Theall reads the statements about sexuality and procreation, in particular about the pill, as instances where McLuhan's conservative Catholicism appears (Theall 44, 60, 226).  Although a technological product, the pill, a synthetic hormonal agent, poses problems for McLuhan's characterization of the extension of organs as the sine qua non of technological evolution.

1.52

1.53

Catholicism aside, McLuhan's schema copes with a human product that is ingested rather than extended by reading the pill as a regression.  It is a technology, for him, that makes man into a 19th century machine (Culture is Our Business 176).  Earlier in a 1969 Dewline newsletter he is adamant:

The pill promises to turn all people into precise machines, absolutely guaranteed and determined.  It is not only a mechanizing force of 19th century intent, but promises to deprive us of one of our few remaining vestiges of humanity. (Dewline 17)

He was more ambivalent in 1967 when he discussed the pill in terms of its consequences for women.  He claimed that the pill made women into bombs:

Just as the Bomb instantly wipes out all the separating boundaries essential to conventional war, the Pill erases the old sexual boundaries in a flash.  The Pill makes woman a Bomb.  She creates a new kind of fragmentation, separating sexual intercourse from procreation.  She also explodes old barriers between the sexes, bringing them closer together.  Watch for traditions to fall. (Look 58)

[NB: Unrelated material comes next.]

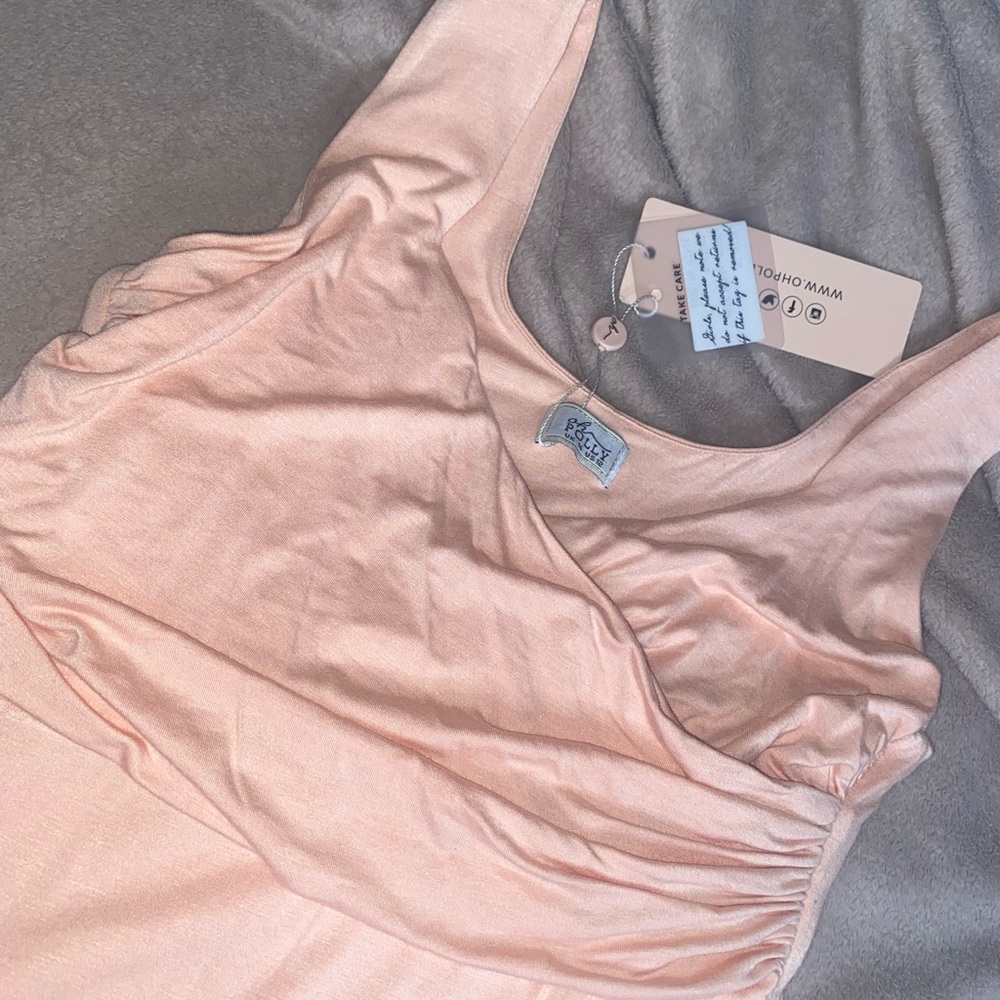 Crossover Detail Blush Midi Dress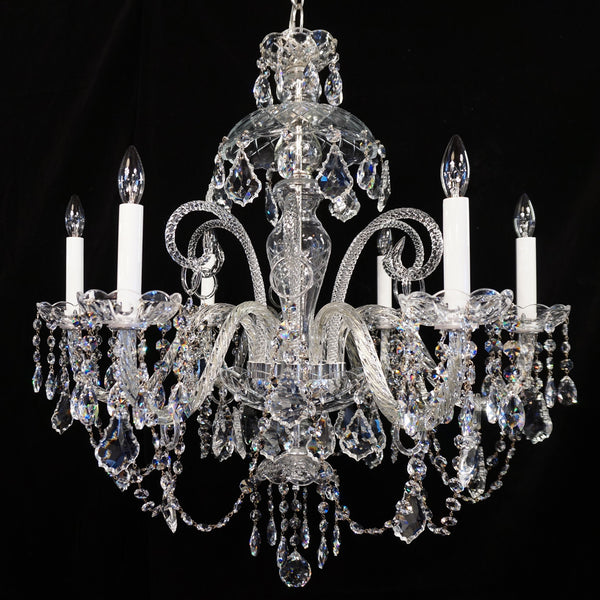 Anadel Crystal Chandelier shown in Nickel finish.  Note the clear wire in the arms.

The angst is cathected to a "new kind of fragmentation".  Syntagmatically in this text, fragmentation of sex in terms of erotic activity leads to the collapse of sexual boundaries in terms of gender.  The story could be told the other way:  challenges to gender result in a redefining of sexual activity.

1.53

1.54

Whatever the direction of the narrative, this erasure of boundaries should be recuperated by McLuhan's usual rhetorical topoi as a return to a putatively primitive stage of society.  However, despite his knowledge of such anthropological works as Mead's Male and Female displayed as early as The Mechanical Bride (62), McLuhan in his neotribalism advocates in not so many words the maintenance of sex-role stereotypes.  The story he weaves is flawed.  He can not foresee the collapse of boundaries as a moment preceding the realization of greater and more equal unity and an overcoming of old fragmentation (gender roles).

1.54

1.55

Although one may disagree with his initial description and the route his narrative takes, his stance is not internally contradictory.  It is traditions that fall.  It is tradition that cements the aural tribal culture.  It is tradition that 19th century machines threaten to undo, to fragment.